##### SOURCE MATERIAL #####

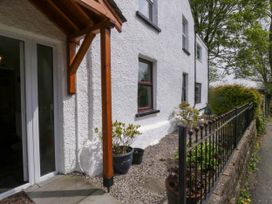 Exterior view of a white textured house with wooden porch over entrance and small garden with plants behind a metal fence at Fox Barn in Staveley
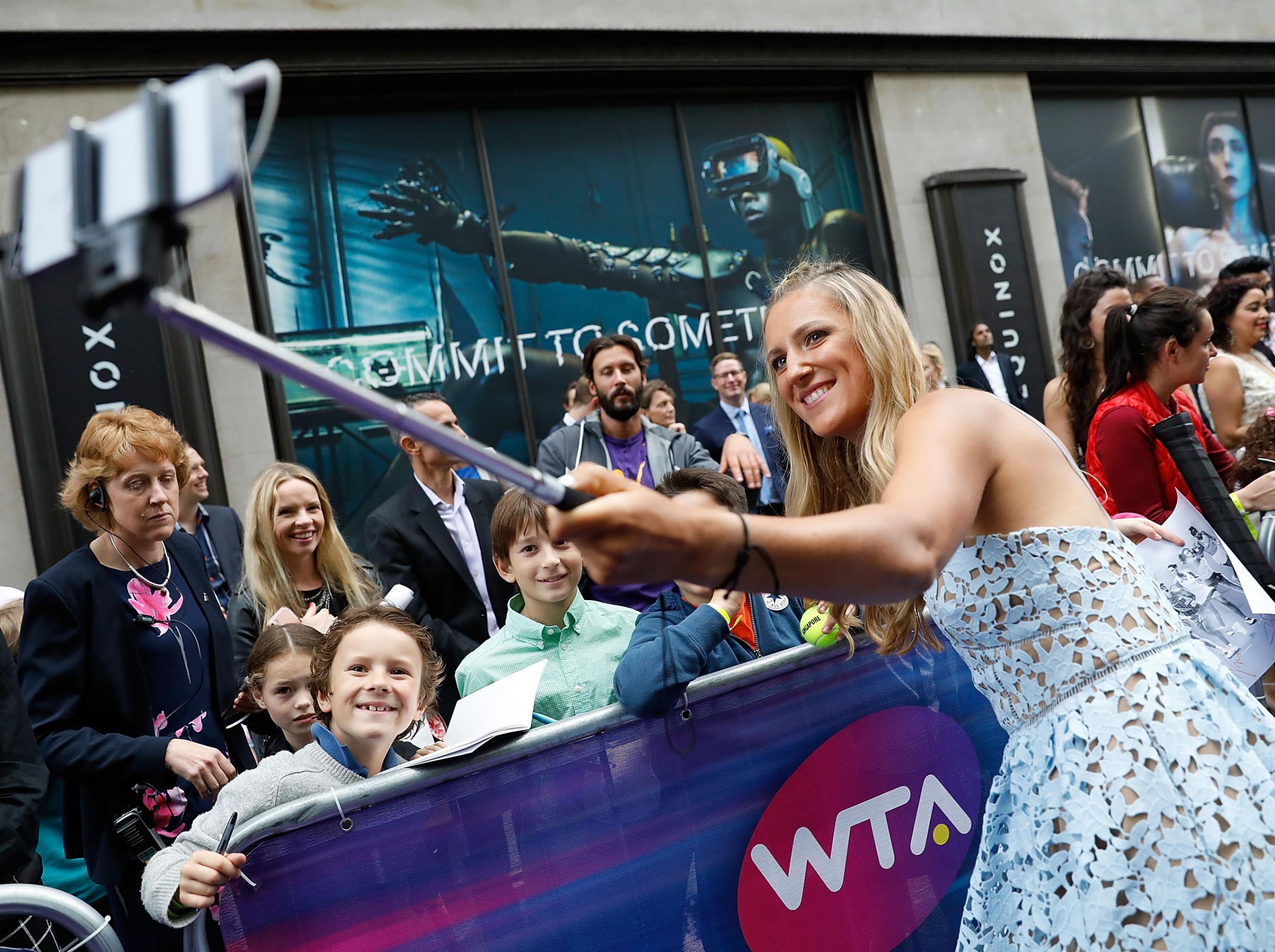 
Azarenka with fans at the WTA's pre-Wimbledon party 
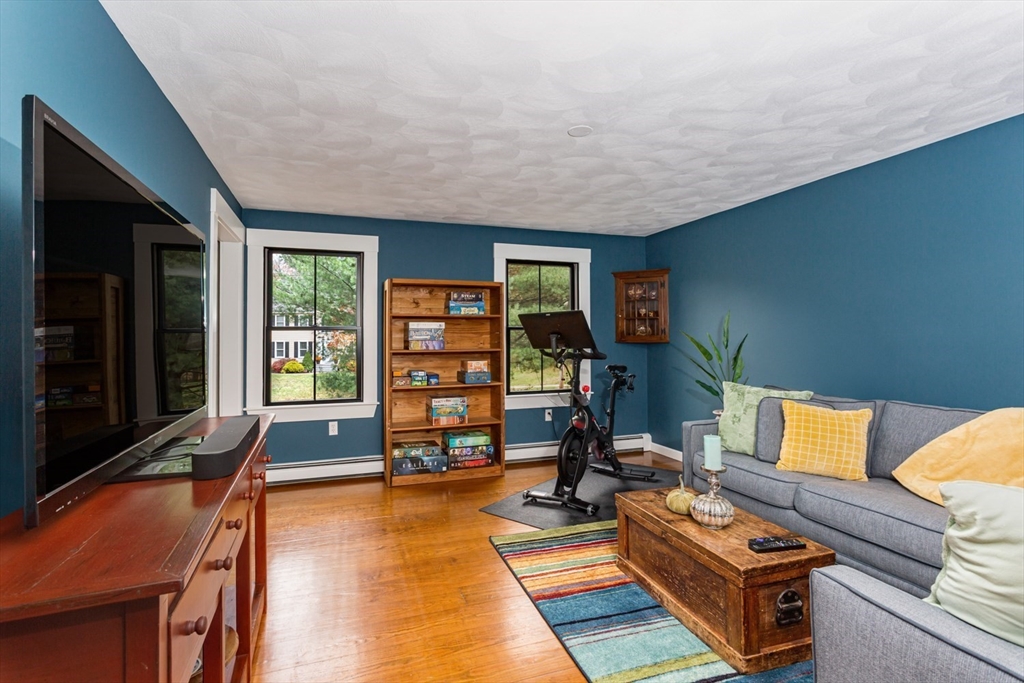 8 Bubbling Brook Road Franklin, MA 02038 - Photo 18 of 46 a living room with furniture a rug and a flat screen tv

#####

▶ _WHAT YOU WILL DO_
Would you please transcribe the listing in full, exactly, while omitting the images?

▶ _EXERCISE RESULT_
 Exterior view of a white textured house with wooden porch over entrance and small garden with plants behind a metal fence at Fox Barn in Staveley
Azarenka with fans at the WTA's pre-Wimbledon party 
 8 Bubbling Brook Road Franklin, MA 02038 - Photo 18 of 46 a living room with furniture a rug and a flat screen tv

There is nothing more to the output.